The word pornography is a conglomerate of two ancient Greek words: πόρνος (pórnos) "fornicators",
and γράφειν (gráphein) "writing, recording, or description". In Greek language, the term pornography connotes depiction of sexual activity; no date is known for the first use of the term pornography, the earliest attested, most related word found is πορνογράφος (pornographos) i.e. "someone writing about harlots" in the 3rd century CE work Deipnosophists by Athenaeus.

The oldest published reference to the word pornography as in 'new pornographie,' is dated back to 1638 and is credited to Nathaniel Butter in a history of the Fleet newspaper industry. The modern word pornography entered the English language as the more familiar word in 1842 via French "pornographie," from Greek "pornographos".

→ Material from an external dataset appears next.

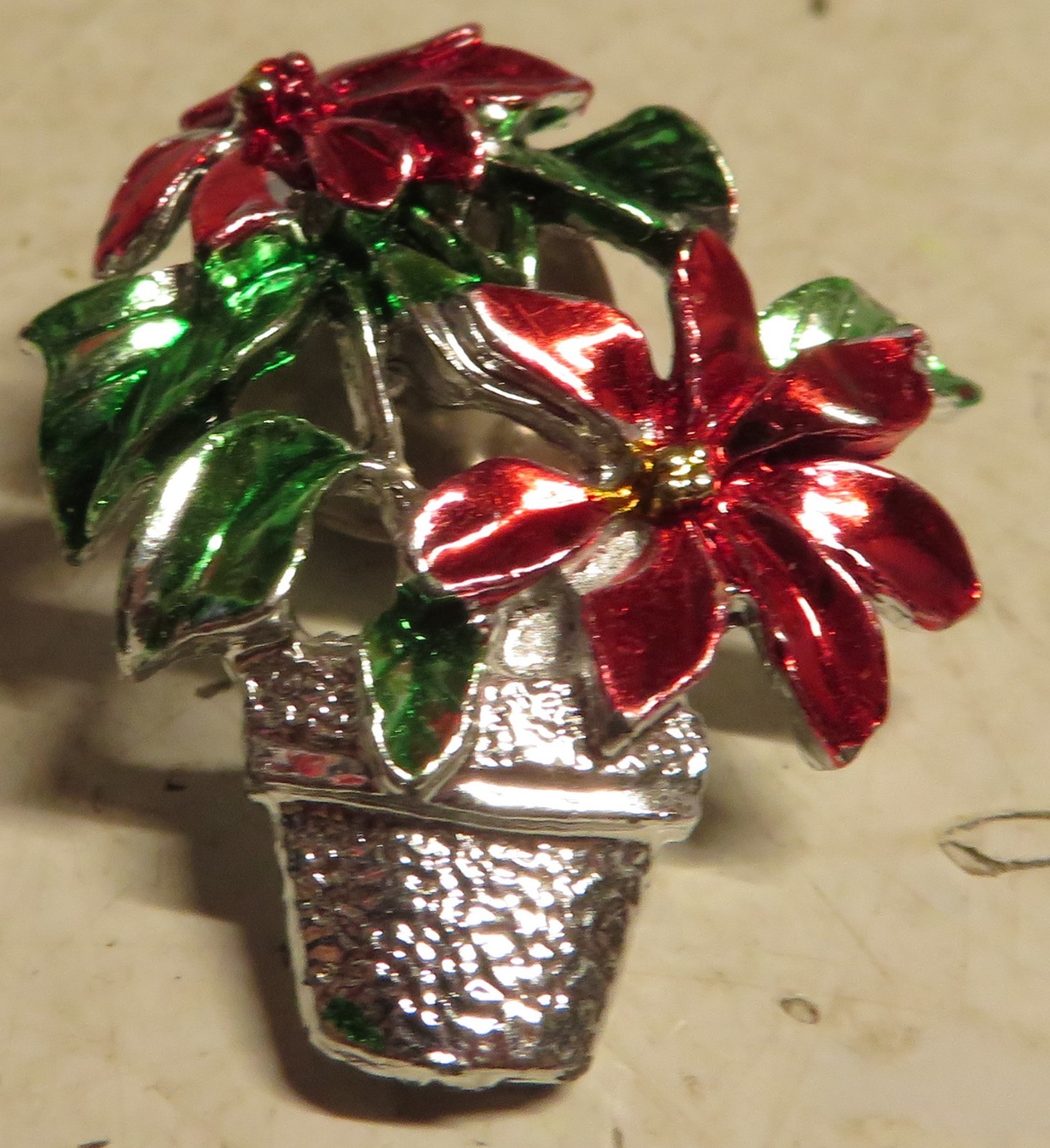 Vintage 1-1/4” Silver Tone Potted Poinsettia Plant Christmas Holiday Brooch Pin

The term porn is an abbreviation of pornography. The related term πόρνη (pórnē) "prostitute" in Greek, originally meant "bought, purchased" similar to pernanai "to sell", from the proto-Indo-European root per-, "to hand over" — alluding to act of selling.

The word pornography was originally used by classical scholars as "a bookish, and therefore inoffensive term for writing about prostitutes", but its meaning was quickly expanded to include all forms of "objectionable or obscene material in art and literature". In 1864, Webster's Dictionary published "a licentious painting" as the meaning for pornography, and the Oxford English Dictionary: "obscene painting" (1842), "description of obscene matters, obscene publication" (1977 or earlier).

Definitions for the term "pornography" are varied, with people from both pro- and anti-pornography groups defining it either favorably or unfavorably, thus making any definition very stipulative. Nevertheless, academic researchers have defined pornography as sexual subject material such as a picture, video, text, or audio that is primarily intended to assist sexual arousal in the consumer, and is created and commercialized with "the consent of all persons involved". (Note: Pornography can be defined as "material [e.g., pictures, films, videos or text] deemed sexual, given the context, that has the primary intention of sexually arousing the consumer, and is produced and distributed with the consent of all persons involved" (McDonald & Kirkman, 2019, p. 163). Central in the definition of pornography is the consent of all persons involved. Therefore, materials that were produced or distributed without the consent of at least one person involved (e.g., "revenge porn", "child pornography") were excluded from this definition (McDonald & Kirkman, 2019). Pornography is best defined as a medium, such as a picture, video, or text, that is intended to be treated as sexually arousing (Rea, [41]). [...] pornography is framed as an aid for sexual arousal (Parvez, [32]). Using pornography means to intentionally look at, watch, read, or listen to sexually arousing material (pictures, videos, films, written text or audio) which depicts nudity or explicit sexual behavior. This does not include participating in interactive sexual experiences in person or online, such as a "lap-dance" in a strip club or a live sex chat.) Arousal is considered the primary objective, the raison d'etre a material must fulfill for it to be treated as pornographic. As some people can feel aroused by an image that is not meant for sexual arousal and conversely cannot feel aroused by material that is clearly intended for arousal, the material that can be considered as pornography becomes subjective.

==History==

===Prehistoric times===
Pornography is viewed by historians as a complex cultural formation. Depictions of a sexual nature existed since prehistoric times as seen in Venus figurines and rock art. People across various civilizations created works that depicted explicit sex; these include artifacts, music, poetry, and murals among other things that are often intertwined with religious and supernatural themes. The oldest artifacts, including the Venus of Hohle Fels, which is considered to be borderline pornographic, were discovered in 2008 CE at a cave near Stuttgart in Germany, radiocarbon dating suggests they are at least 35,000 years old, from the Aurignacian period. (Note: Anthropologist Paul Mellars of Stony Brook University in New York state says the focus on exaggerated sexual features fits with other artifacts found from the period, including phalluses carved out of bison horn and vulva inscribed on rocks. "It's sexually exaggerated to the point of being pornographic", Mellars says. "There's all this sexual symbolism bubbling up in that period. They were sex-mad." Conard used radiocarbon dates from bones and other artifacts found nearby to date the figurine. "It's at least 35,000 calendar years old, but I think it's much older than that", Conard says.)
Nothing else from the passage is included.